• _Problem details_
What is needed is a verbatim copy of the data, minus the pictures.

Crawled caption data:
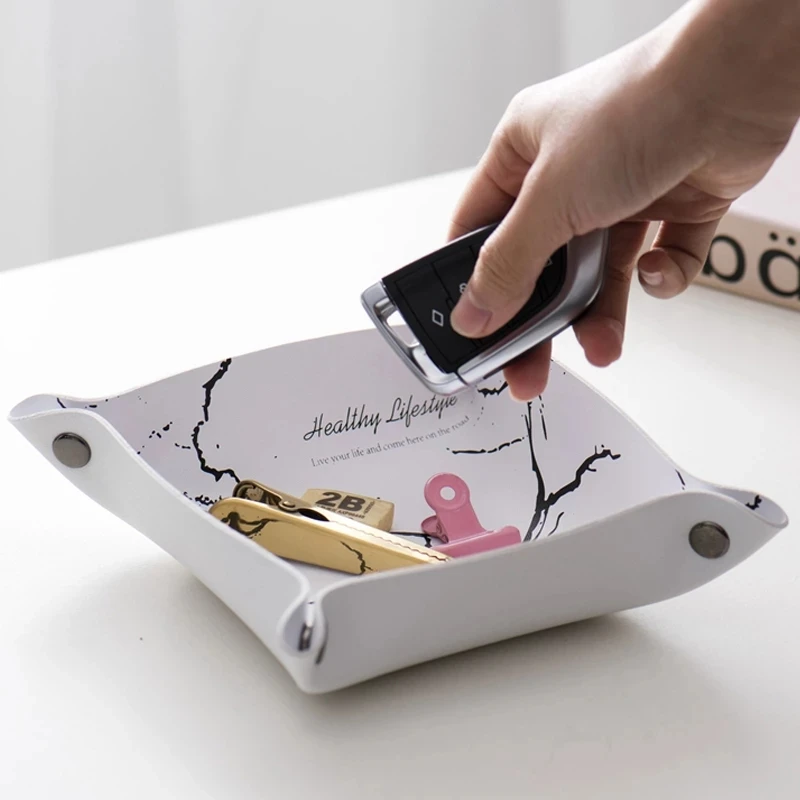 Desktop Storage Box PU Leather Key Snack Lipstick Cosmetics Tray Creative Nordic Ins Style Home Decoration | Дом и сад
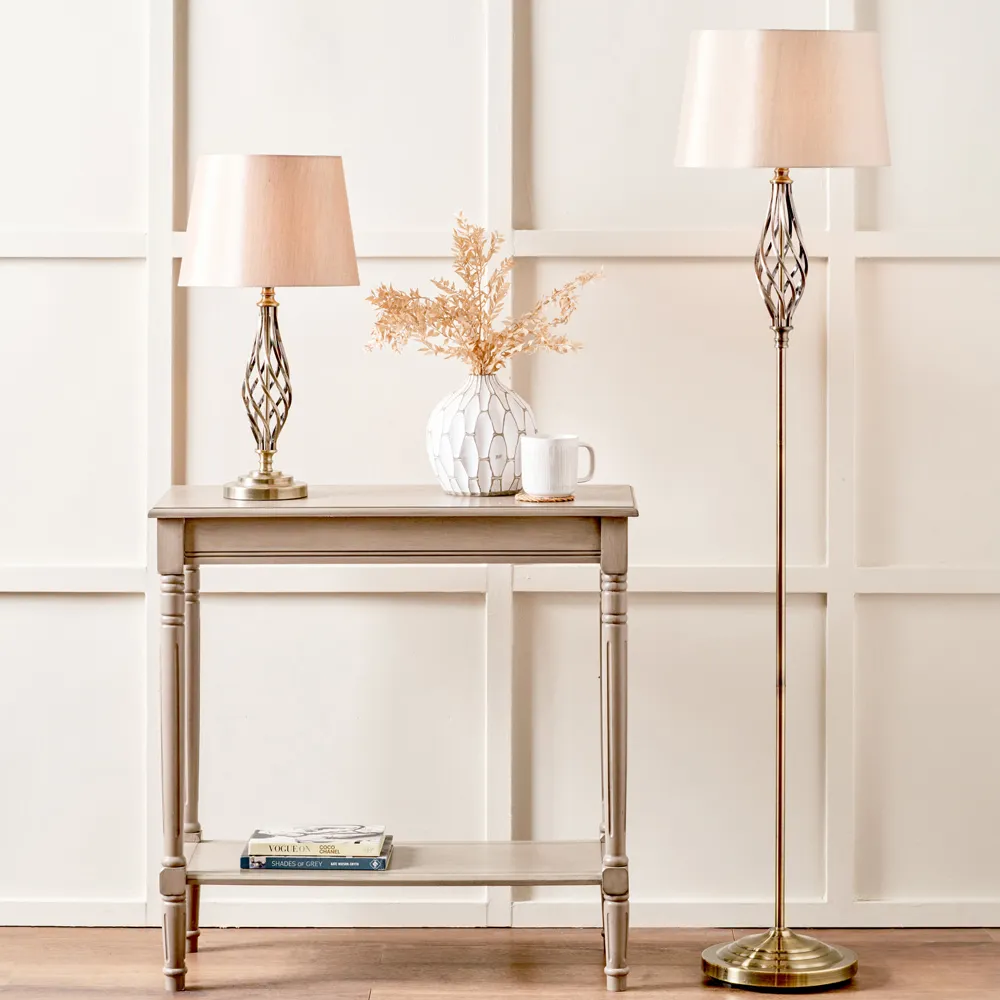 Jenna Twist Floor Lamp - Gold, Metal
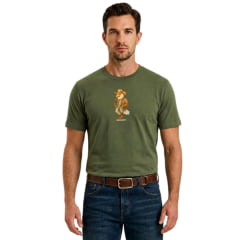 Camiseta Masculina TXC Manga Curta Fio 30 Eagle Verde Militar Estampada - Ref:193038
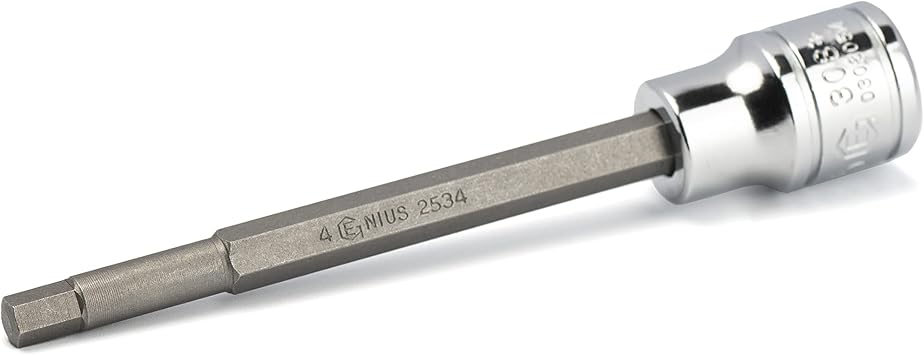 Genius Tools 3/8 Dr. 4mm Hex Bit Socket 110mmL - 308+2534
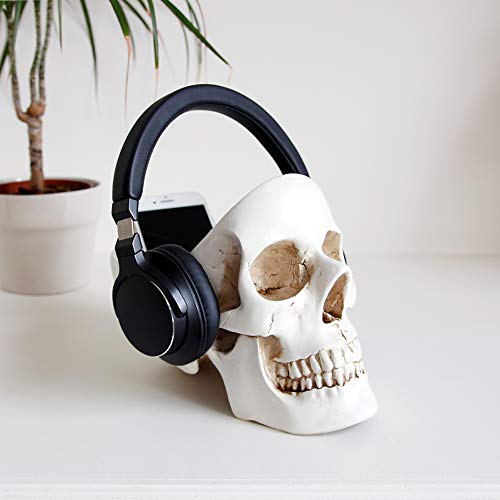 White Skull Desk Organizer & Jewelry Box - Gothic Trinket Dish & Key Holder
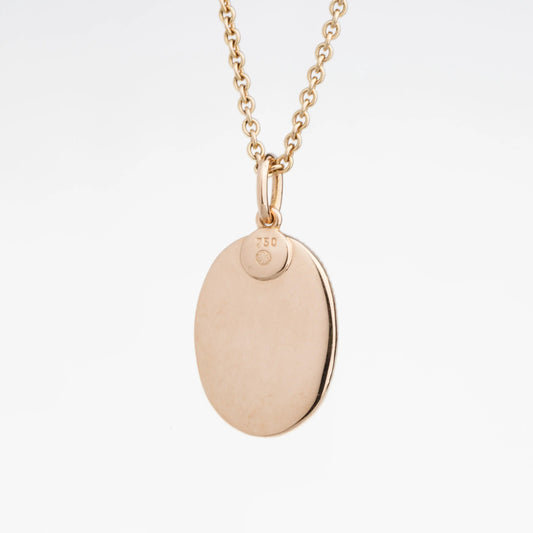 rückwärtige Ansicht: glatte Medallionoberfläche: Anhänger "Tuchtänzerin" in 750er Rosegold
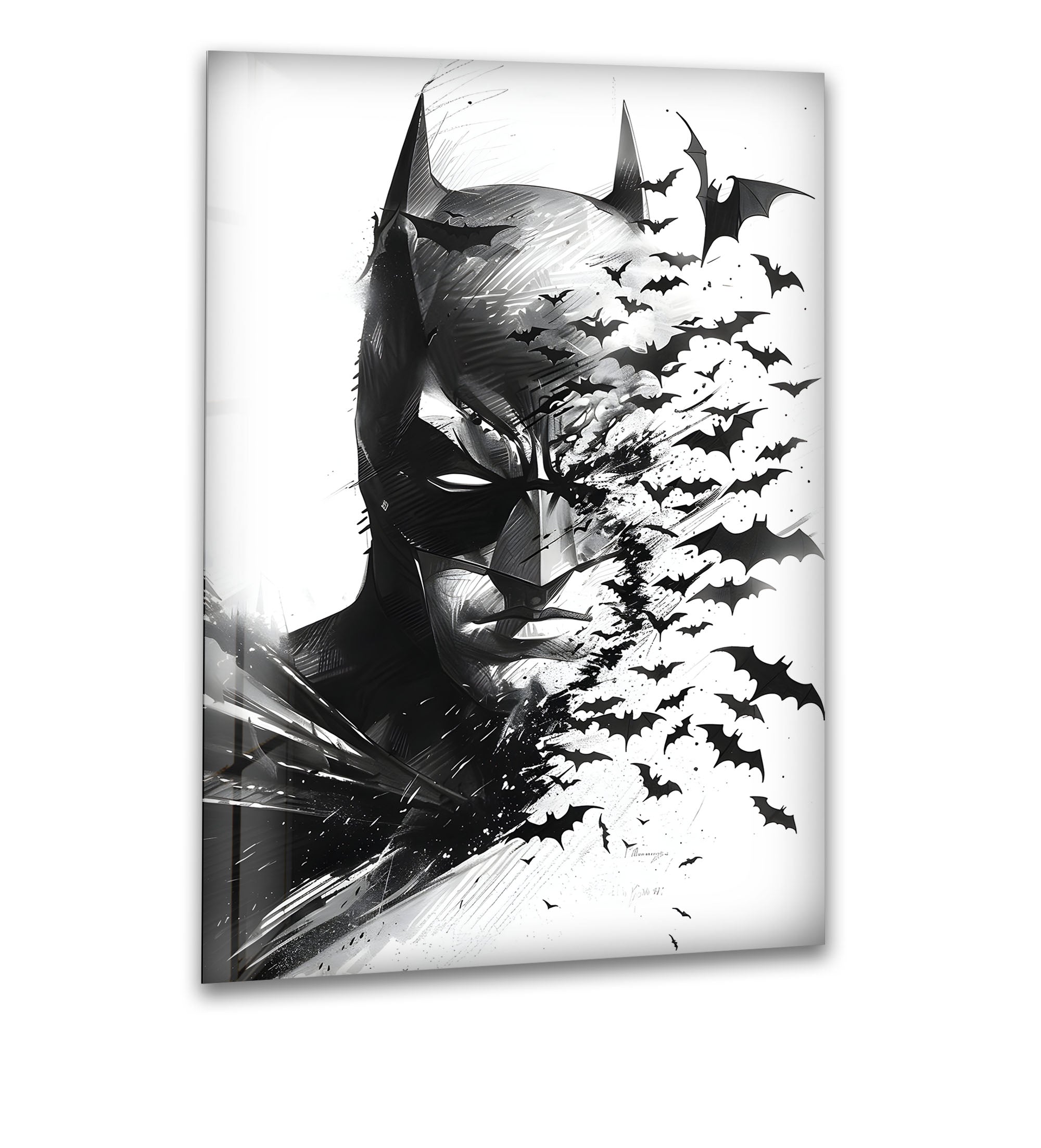 Batman Black and White Portrait Wall Art - Gothic Superhero Decor with Bats on Glass - Perfect for Man Cave, Home Theater & Superhero Bedroom Decor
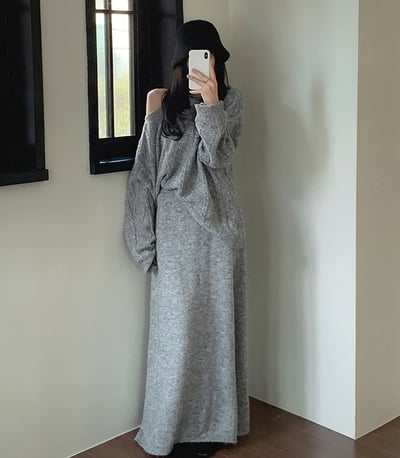 斜肩長版麻花針織衣+鬆緊落地長裙SET1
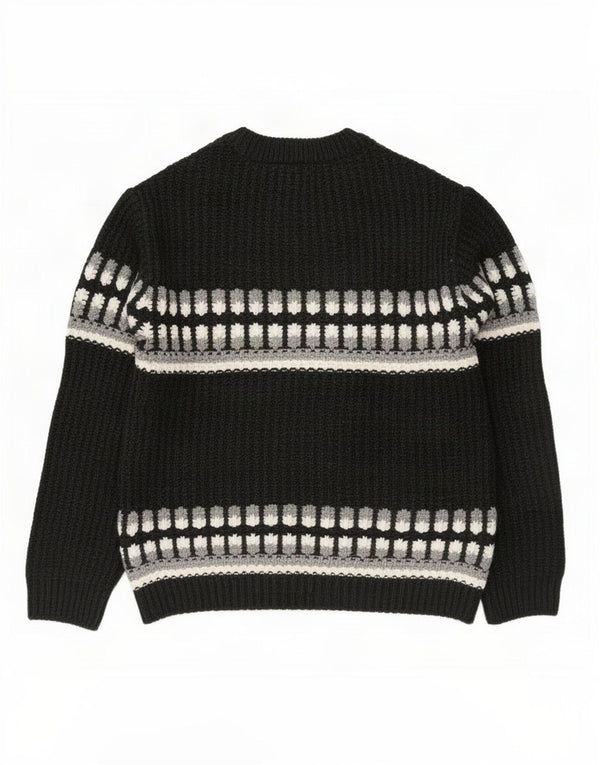 Zara Boys Turtle Neck Jumper Sweater 13-14 Years Grey Fair Isle Acrylic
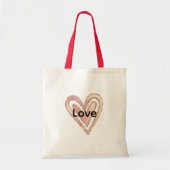 Blush roze hart tote bag (Voorkant)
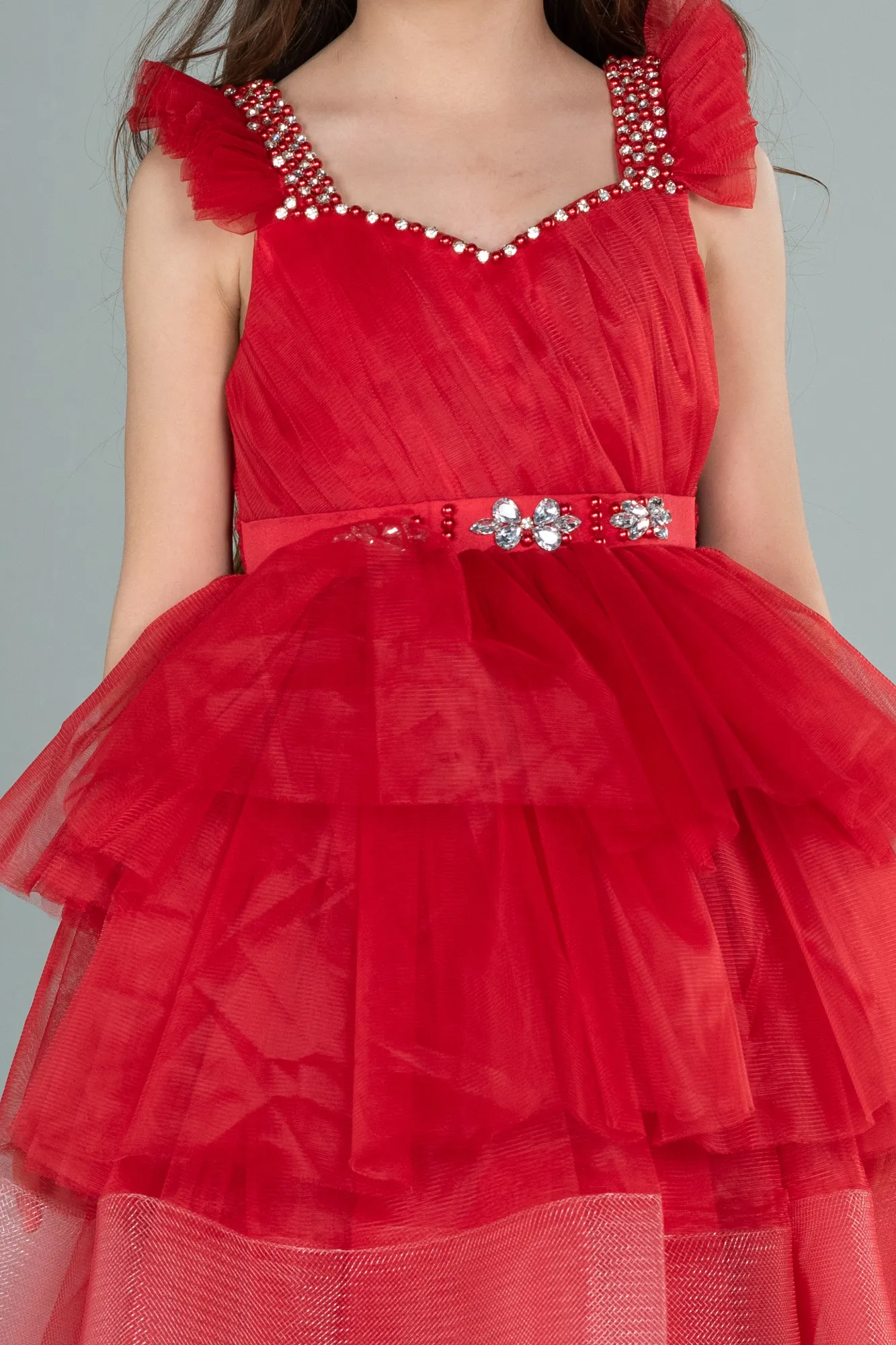 Red-Long Girl Dress ABU2290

• _Answer to the problem_
 Desktop Storage Box PU Leather Key Snack Lipstick Cosmetics Tray Creative Nordic Ins Style Home Decoration | Дом и сад
 Jenna Twist Floor Lamp - Gold, Metal
 Camiseta Masculina TXC Manga Curta Fio 30 Eagle Verde Militar Estampada - Ref:193038
 Genius Tools 3/8 Dr. 4mm Hex Bit Socket 110mmL - 308+2534
 White Skull Desk Organizer & Jewelry Box - Gothic Trinket Dish & Key Holder
 rückwärtige Ansicht: glatte Medallionoberfläche: Anhänger "Tuchtänzerin" in 750er Rosegold
 Batman Black and White Portrait Wall Art - Gothic Superhero Decor with Bats on Glass - Perfect for Man Cave, Home Theater & Superhero Bedroom Decor
 斜肩長版麻花針織衣+鬆緊落地長裙SET1
 Zara Boys Turtle Neck Jumper Sweater 13-14 Years Grey Fair Isle Acrylic
 Blush roze hart tote bag (Voorkant)
 Red-Long Girl Dress ABU2290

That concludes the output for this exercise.